**What needs to be done**. I'd like the records transcribed exactly, leaving the images out.

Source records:
- - -

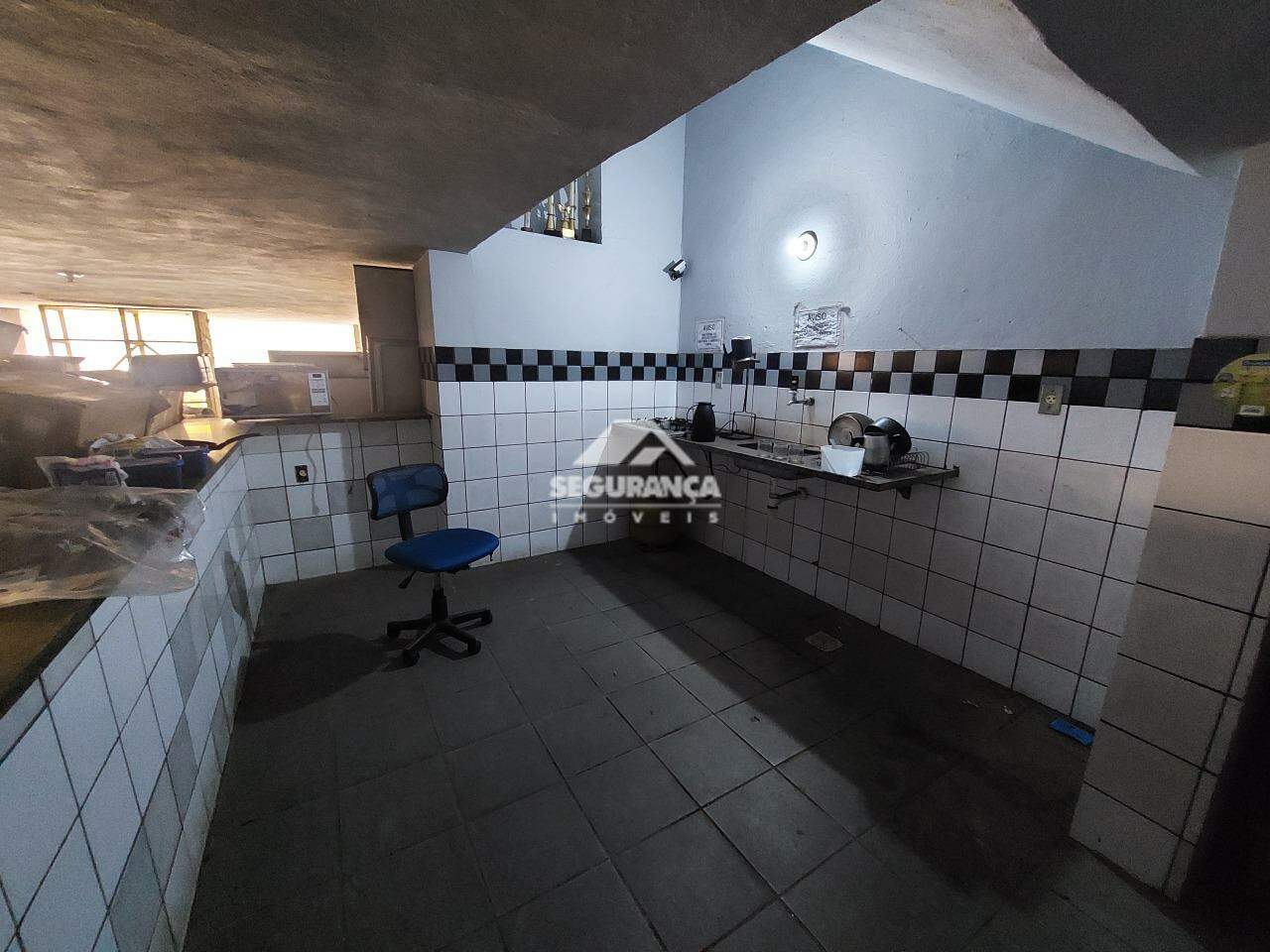 Loja para aluguel no Centro: COZINHA DO DEPÓSITO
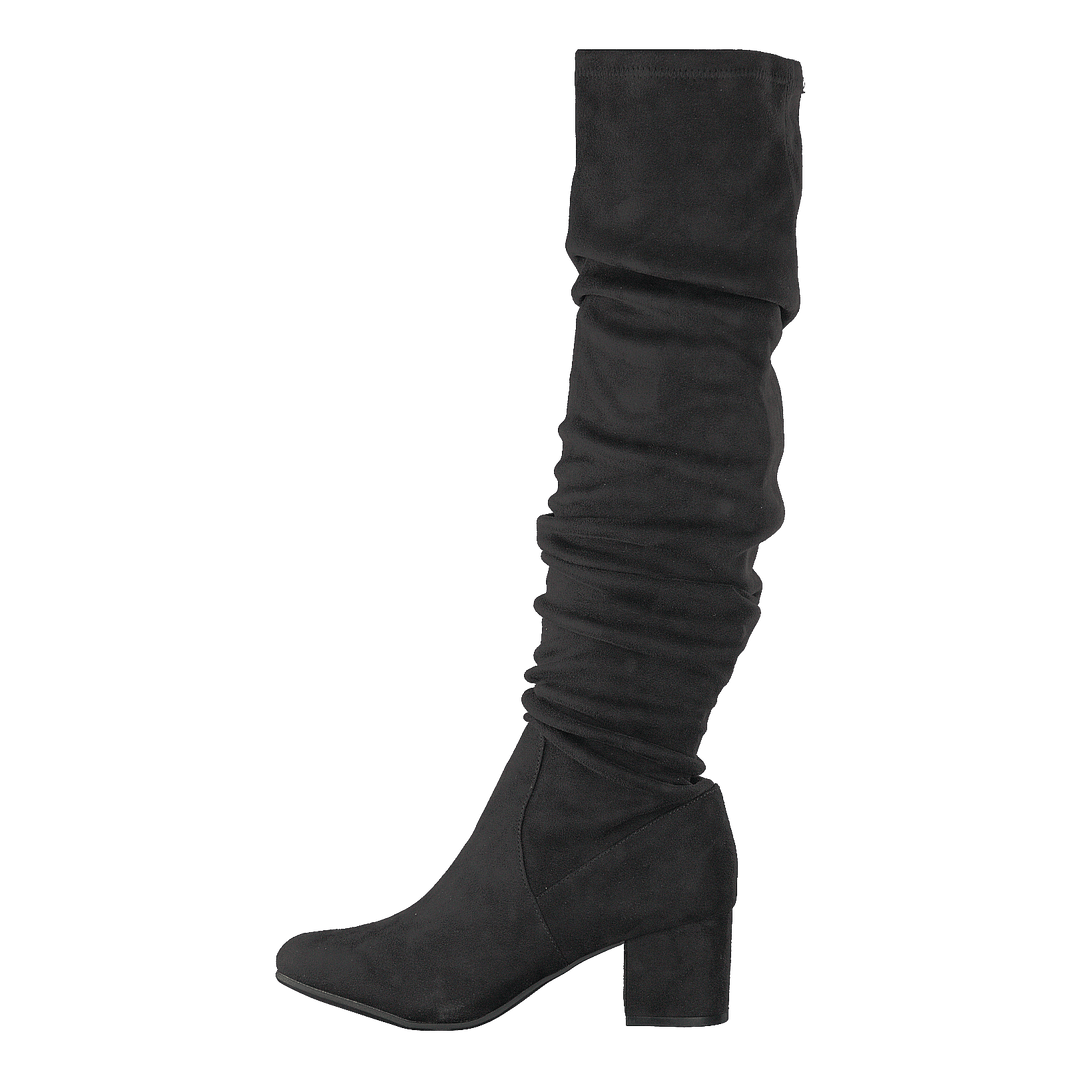 Isaac Boot Black - Heppo.com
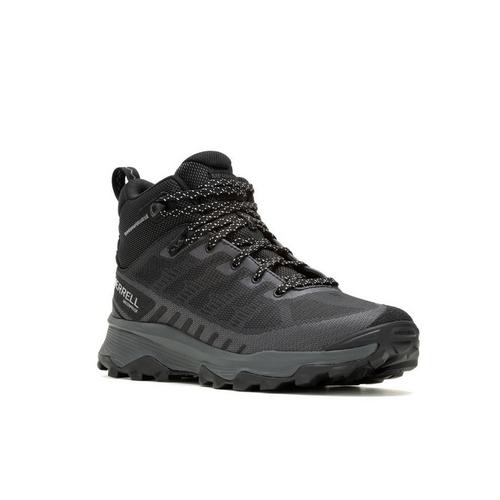 Men's Merrell Speed Eco Mid Waterproof Hiking Boots - Primary Image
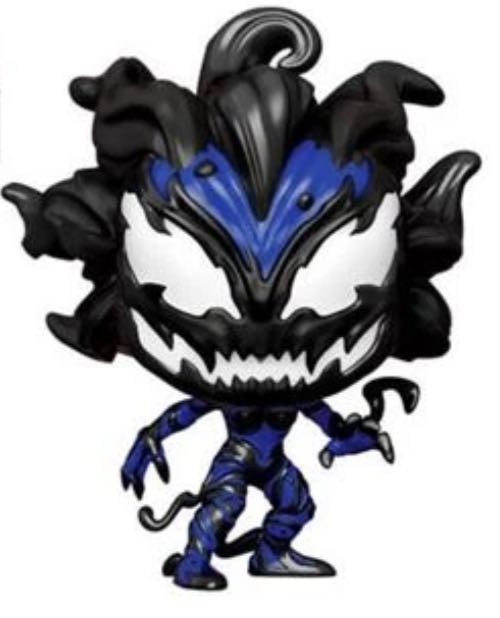 Mayhem (April Parker) - Marvel Universe vinyl figure collectible - Main Image 2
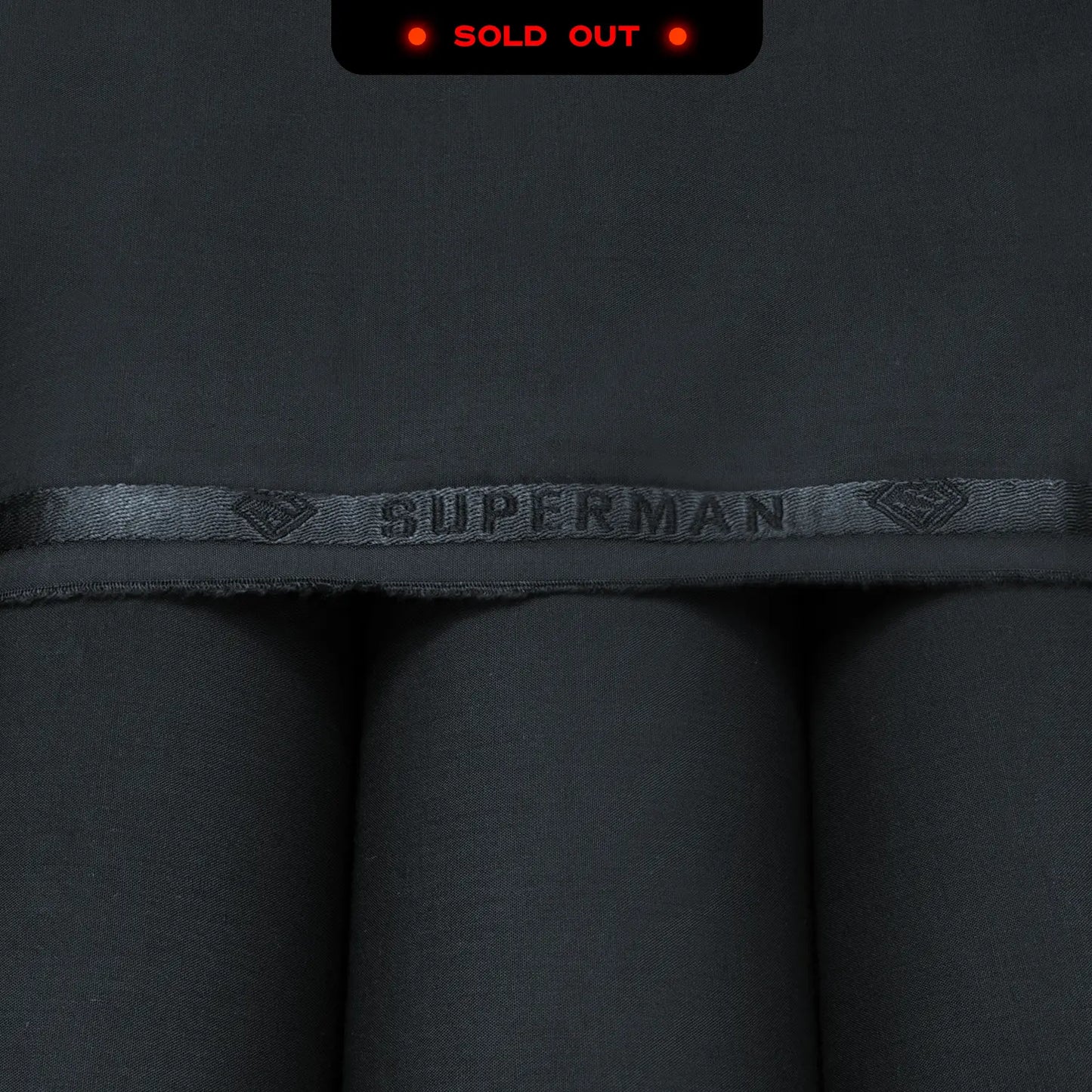 SUPERMAN - WASH & WEAR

- - -

**Task answer**.
 Loja para aluguel no Centro: COZINHA DO DEPÓSITO
 Isaac Boot Black - Heppo.com
 Men's Merrell Speed Eco Mid Waterproof Hiking Boots - Primary Image
 Mayhem (April Parker) - Marvel Universe vinyl figure collectible - Main Image 2
 SUPERMAN - WASH & WEAR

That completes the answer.